Monday, Jan. 30, 1984
Sweet Talk
Machel looks west--and south We are Marxists, but riot in the religious sense of the word," an adviser to Mozambique's President conceded last year. That may be putting it mildly. Last October, during a fence-mending 18-day tour of Western Europe, President Samora Machel, 50, was presented with a medal from Queen Elizabeth, and persuaded the British government to waive his country's payment of a $30 million debt. In Portugal, Mozambique's longtime colonial master and Machel's bitter foe during a ten-year struggle for independence, the former guerrilla commander declared that the two countries were bound "in a friendship of steel." Upon returning home, he gave his blessing to the accreditation of an American ambassador less than three years after expelling four U.S. diplomats on charges of spying. And last week in their capital city of Maputo, which has been blasted three times by South African raids, Mozambique officials began formal talks with their counterparts from South Africa.
The series of meetings between the sworn archenemies may have been prompted more by economic necessity than ideological choice. With a per capita gross national product of $140 (compared with around $14,000 in the U.S.), Mozambique remains one of the world's poorest nations. Ongoing problems of mismanagement, corruption, lack of skilled workers and faulty agricultural planning have been compounded by the worst drought in 50 years. Over the past six months as many as 100,000 have died of starvation; 4 million of the country's 12.5 million people still do not have enough to eat. When food aid is sent from abroad, it is frequently blocked by the 10,000-member Mozambique National Resistance (M.N.R.) movement. The insurgents, reportedly backed by South Africa, have been devastating towns and terrifying citizens in nearly all of Mozambique's ten provinces for five years.
Machel, who became last year the first African President to visit Soviet Leader Yuri Andropov, has not received a great deal of assistance lately from Moscow, which is still furious with him for his peace-seeking European safari. The Soviet Union did, to be sure, give Mozambique $450 million in military and economic aid between 1978 and 1982. In return, however, it appropriated the country's lucrative fishing industry, along with the income it produced.
That leaves South Africa as the source not only of Mozambique's political unease but also of its potential economic stability.
Mozambique still receives most of its consumer goods and industrial supplies from its hated neighbor to the south. Though the number of Mozambicans working in South Africa's mines has fallen by 65% since 1975, some 50,000 are still laboring there, bringing in $70 million every year.

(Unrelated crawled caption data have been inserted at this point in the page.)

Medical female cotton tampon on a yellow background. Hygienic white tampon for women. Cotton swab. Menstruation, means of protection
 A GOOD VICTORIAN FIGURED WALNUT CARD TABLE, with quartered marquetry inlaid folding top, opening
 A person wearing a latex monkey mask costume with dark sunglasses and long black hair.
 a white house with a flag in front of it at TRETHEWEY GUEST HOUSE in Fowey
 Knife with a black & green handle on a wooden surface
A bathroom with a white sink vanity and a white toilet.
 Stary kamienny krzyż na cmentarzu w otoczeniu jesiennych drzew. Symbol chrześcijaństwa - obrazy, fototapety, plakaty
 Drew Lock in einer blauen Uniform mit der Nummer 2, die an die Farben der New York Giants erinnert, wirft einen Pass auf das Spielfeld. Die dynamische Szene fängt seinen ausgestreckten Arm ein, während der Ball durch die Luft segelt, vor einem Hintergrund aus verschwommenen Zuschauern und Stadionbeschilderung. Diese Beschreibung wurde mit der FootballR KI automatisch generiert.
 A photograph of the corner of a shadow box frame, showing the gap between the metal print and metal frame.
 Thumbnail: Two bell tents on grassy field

In addition, more than half of the goods passing through the port of Maputo come from the white-ruled republic. Another way for Mozambique to rake in South African rands would be by reopening its doors to tourism, a subject discussed in Pretoria and Maputo last week. Since Mozambique won independence in 1975, wealthy South Africans have been denied access to its big-game hunting, deep-sea fishing and summer houses overlooking the sea.
Economic issues were, however, overshadowed by matters of security during last week's talks. At the close, a joint statement on "good neighborly relations" suggested that Mozambique would prevent the black nationalist African National Congress from attacking South Africa from within its borders, while South Africa would not aid and abet the M.N.R. But good intentions alone may not be enough to dispel old enmities.
"That the two ideologically opposed neighbors have met at all is notable in itself," editorialized South Africa's largest daily newspaper, the Johannesburg Star.
"Miracles take a little longer."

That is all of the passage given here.